Libratus Poker Robot Honored with AI Award
The sophisticated poker robot called Libratus, which dominated both competitions held against human professional poker players this year, recently received the HPCWire Readers’ Choice Awards at the Supercomputing Conference (SC17) in Denver, Colorado. In case you were wondering, HPCWire is the self-professed leading publication for all the latest news and information concerning high performance computing. And yes, you would be right in assuming that most of the content is far above what most of the general public would feel comfortable, or even interested in reading.
HPCWire Readers’ Choice Award
Libratus was developed by Tuomas Sandholm, a Carnegie Mellon professor of computer science, together with PhD student Noam Brown, with its software running on the “Bridges” supercomputer based at the Pittsburgh Computer Center. The formidable program subsequently won the Readers’ Choice Award in the category for “Best Use of AI”, after its winning performance in the Brains vs AI poker competition.
Commenting on the award, Tom Tabor, the CEO of Tabor Communications, the company which publishes HPCwire, said that receiving either a Readers’ or Editors’ Choice Award was a significant honor. Elaborating further, Tabor stated:
“This success signifies support and recognition from the HPC community along with the industries it serves. It is both an honor and privilege to once again engage with our readership and allow their voices to be heard. We extend a sincere thank you to our readers for their nominations and votes and a heartfelt congratulations to this year’s winners.”
Contest Requirements
Libratus took on a quartet of top poker pros in the guise of Daniel McAulay, Dong King, Jimmy Chou, and Jason Les, with the 20 days competition taking place in January at the Pittsburgh’s Rivers Casino. During the No-Limit Hold’em heads-up games, a total of 120,000 hands were played, with the human competitors subsequently losing badly.
Included amongst the techniques used to eliminate luck as much as possible from the experiment was the resetting of chip stacks after each hand to remove the advantages associated with welding a big stack. Also, if someone went all-in and was called before the river, no more cards would be dealt and chips would subsequently be distributed based upon the equity each player had in the hand at the time in order to avoid so-called “suckouts”.
Furthermore, each of the hands was repeated for both human and AI opponent, with the hands reversed so that neither side would receive more lucky deals than the other. For example, if a human player was dealt 8-9 in one hand, and Libratus was dealt K-K, then in another hand Libratus would be dealt 8-9, with the human opponent then getting the pocket kings hand.
Results
The game was played with each competitor receiving a starting stacks of 20,000 chips, and the cash game played with blinds set at $50/100. At the end of almost three weeks of play, Libratus ultimately walked away with $1,766,250 of play money, equivalent to winning $14.72 per hand. Moreover, no human player was able to defeat the AI during this time, with Dong King coming the closest after losing $85,649, an amount much less than his other teammates.
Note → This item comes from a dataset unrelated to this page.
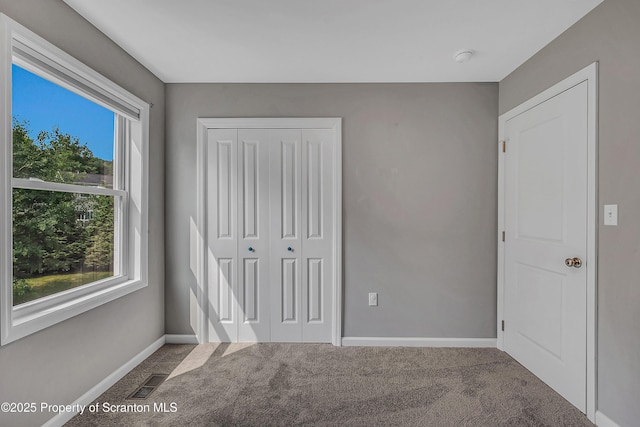 98 Electric St Unit L 1, Clarks Summit, PA 18411 - unfurnished bedroom with multiple windows, carpet flooring, and a closet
Having crunched the numbers, Tuomas Sandholm then concluded that there was a 97.7% degree of certainty that Libratus had been playing the game more skillfully than his professional human opponents.
Programming
What’s truly remarkable, however, is that Libratus hadn’t even been programmed to make particular moves based upon specific situations, but was instead given several options for each different scenario. By way of example, when holding specific cards and facing certain sized bets, Libratus’s programming would tell it to double the bet 40% of the time, raise by three times 20% of the time, and call in 25% and fold in 15% of these situations. When the competition ended, the computer then went through each of its hand and adjusted its strategy accordingly.
Libratus was trained by Sandholm and Brown by getting it to play billions of hands of poker against itself, and analyzing and adjusting its decision-making algorithm based upon the outcome. Explaining further, Sandhol explained that Libratus wasn’t exactly taught how to play. The algorithms weren’t specific to poker, but rather took “as input the rules of the game and output strategy.”
Brown and Sandholm also made Libratus concentrate on its own strategy and decision making process, rather than trying to identify and exploit weakness in its opponents’ play, as this approach was deemed safer. That is because exploiting your opponent leaves you open to being exploited yourself.
Round 2
Libratus squared off against its human opponents again in April, with one member of the six strong “Team Dragon” being 2016 WSOP bracelet winner Tue Duand. The competition took place in Hainan, China, with once more the AI program scoring a convincing victory. The match was played over 36,000 hands, but this time around there were real stakes involved, with Libratus making a $290,000 profit all told, equivalent to 220 “milli-big blinds” per game.